After Sheldon Adelson’s Death, Las Vegas Sands Looks To Double Down On Asia, Expand To New…


Las Vegas Sands, which was founded by the late billionaire casino mogul Sheldon Adelson, held its first earnings call this week since its leader passed away. Despite Adelson being gone, his strategy for the company will be carried out, said Rob Goldstein, who was appointed CEO and chairman on Tuesday.

“As you know, his middle name was ‘G’ for growth,” Goldstein said during the company’s fourth quarter earnings call on Wednesday. “Sheldon would be in the room saying, I’m laser-focused on returns and growth.”

For Las Vegas Sands, a focus on growth means a focus on its properties in Asia, which is where most of the company’s profits come from. The Las Vegas Sands’ properties in Macau generate 59% of the company’s revenue while 31% comes from its casino-hotel in Singapore.

“We’ve always believed there’s no better market for our company to invest in than Macau,” said Goldstein.

Over the next four years, Las Vegas Sands plans to invest another $5.5 billion across Macau and Singapore to improve its existing properties. In February, the Sands will open phase one of its brand-new $2 billion project on the Cotai Strip—the Londoner Macau, complete with a replica of the U.K. Parliament and “Big Ben.”

The company has invested a total of $15 billion across five properties in Macau since Adelson, who died January 11 from complications related to the treatment of non-Hodgkin’s Lymphoma, opened his first casino there in 2004.

While the Covid-19 pandemic has given Las Vegas Sands a beating—the company reported a $1.69 billion net loss in 2020, compared to net income of $2.7 billion in 2019—it reported positive earnings in both Macau and Singapore for the fourth quarter of 2020.

There is some uncertainty around Macau, its most important market. In 2022, Las Vegas Sands’ casino license will expire, and the company is still waiting to get more details from the Macanese authorities about the license renewal process. Goldstein said he believes the government will base their decisions around how much a company has invested in its properties.  

“I believe when Macau makes his decision, there’s going to be a requirement to invest more in Macau, which as Sheldon himself [would’ve said], ‘Well, I can’t wait to invest $5 billion, $10 billion,’” said Goldstein.

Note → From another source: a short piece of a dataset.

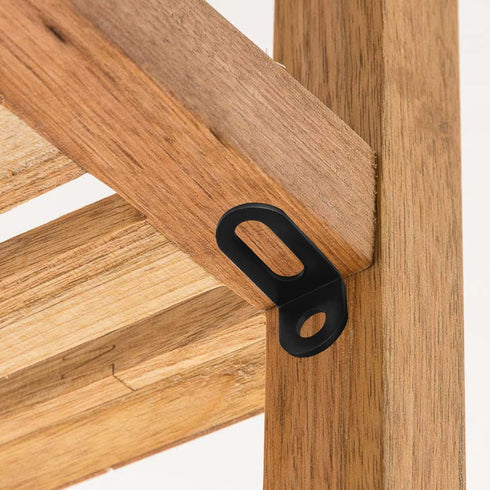 Rierdge 24 18x18x30mm (1.2 Inch Pcs Slotted L Brackets Heavy Duty, Adjustable L-Shape Corner Brace, Metal Right Angle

As for the future of the Sands’ Las Vegas properties, the Palazzo, the Venetian and the Sands Expo Center, which collectively only account for 10% of the company’s revenue, president and chief operating officer Patrick Dumont was coy.

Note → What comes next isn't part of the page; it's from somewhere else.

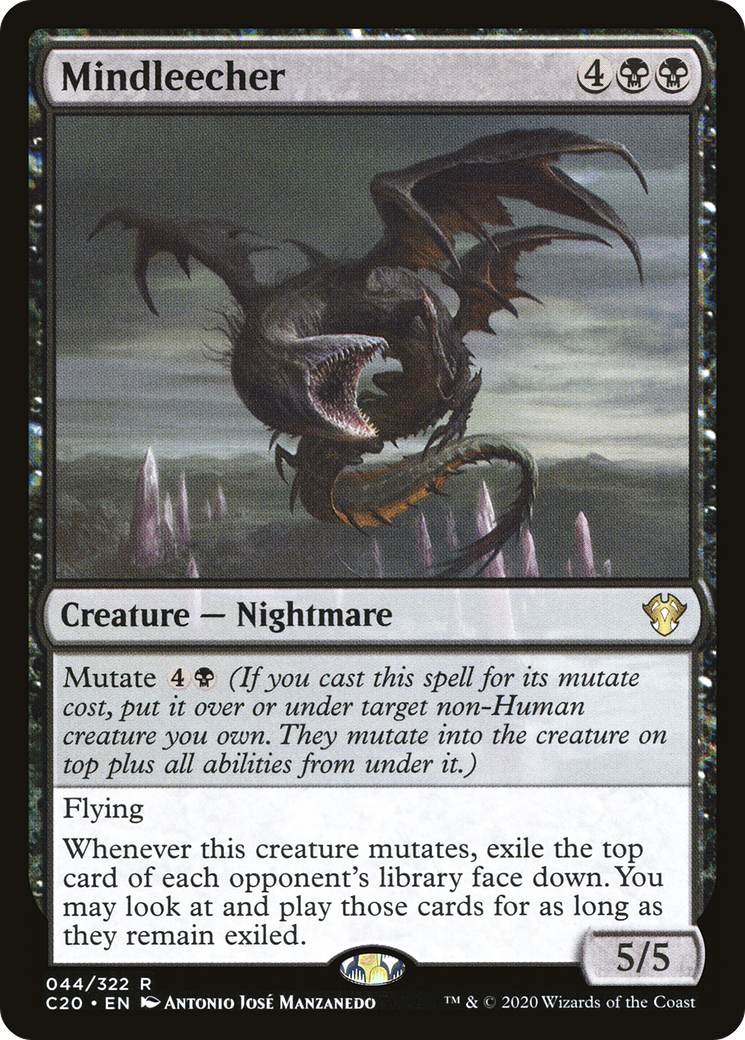 Mindleecher (C20-044) - Commander 2020 - Premium MTG Single from Wizards of the Coast - Just $0.10! Shop now at Game Crave Tournament Store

In October, the company confirmed reports that it was exploring a sale of assets on the Vegas Strip for more than $6 billion. At one point during the company’s earnings call Dumont said they’re bullish on Vegas’ rebound as an “irreplaceable” tourist destination. Later, when pressed by an analyst whether the company is going to sell its Vegas properties, Dumont said: “If there’s a way to maximize shareholder returns, we’re going to do it. And we constantly look at the assets that we have in our portfolio.”

One of the cities Adelson had always wanted to expand to was New York. The state can issue three new casino licenses in 2023 and gambling interests are lobbying officials to allow another casino in the city.

Goldstein said Las Vegas Sands is on “the hunt” in New York.

“Well, we’ve been looking at New York for about 100 years it seems like. We’re big believers in New York,” he says.

Las Vegas Sands also has its eye on Texas, where it has been spending millions of dollars on lobbying in an effort to allow for a casino, according to public records.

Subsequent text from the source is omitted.